### RECORDS PROVIDED

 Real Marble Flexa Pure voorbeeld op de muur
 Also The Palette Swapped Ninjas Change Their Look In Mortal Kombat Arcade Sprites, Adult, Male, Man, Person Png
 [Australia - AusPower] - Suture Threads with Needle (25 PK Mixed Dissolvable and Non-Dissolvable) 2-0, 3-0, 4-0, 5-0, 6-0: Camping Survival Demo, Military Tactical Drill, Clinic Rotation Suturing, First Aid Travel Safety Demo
==
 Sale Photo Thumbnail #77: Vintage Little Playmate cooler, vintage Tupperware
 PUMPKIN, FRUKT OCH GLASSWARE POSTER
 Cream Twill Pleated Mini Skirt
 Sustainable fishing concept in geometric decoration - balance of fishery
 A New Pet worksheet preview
--
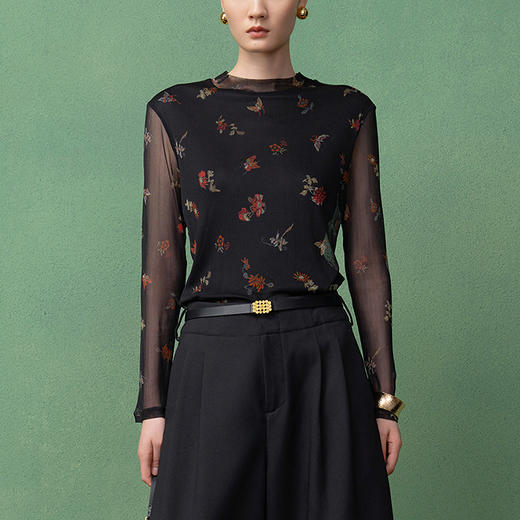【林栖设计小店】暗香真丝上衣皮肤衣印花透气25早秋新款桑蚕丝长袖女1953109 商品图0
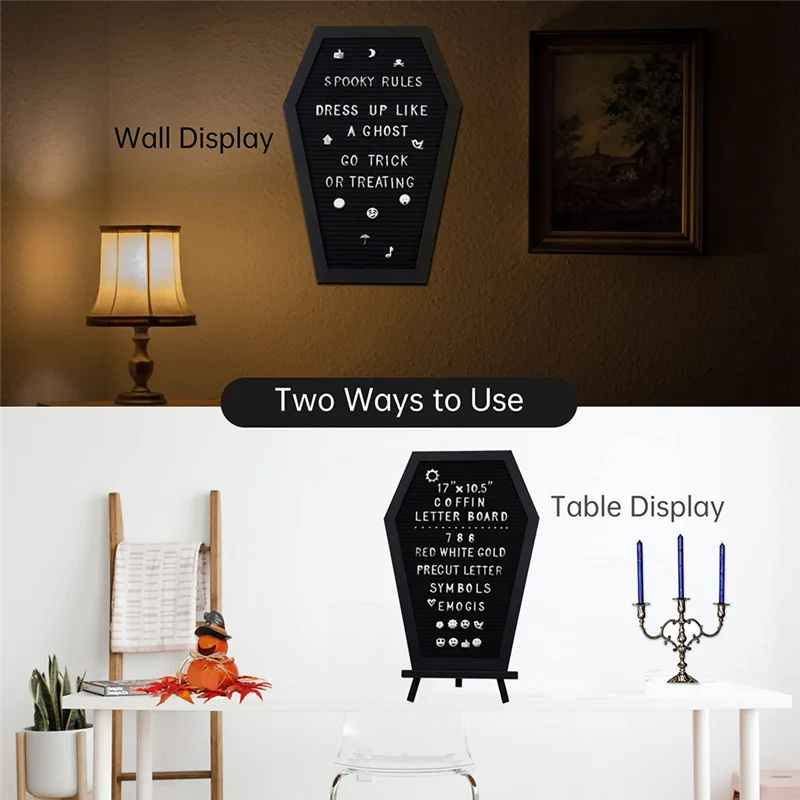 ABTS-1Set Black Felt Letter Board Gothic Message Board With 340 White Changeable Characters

### WORK ORDER
Please make an exact copy of the lines above from the line with "PUMPKIN, FRUKT OCH GLASSWARE POSTER" through the line with "A New Pet worksheet preview", both ends included.

### OUTPUT
 PUMPKIN, FRUKT OCH GLASSWARE POSTER
 Cream Twill Pleated Mini Skirt
 Sustainable fishing concept in geometric decoration - balance of fishery
 A New Pet worksheet preview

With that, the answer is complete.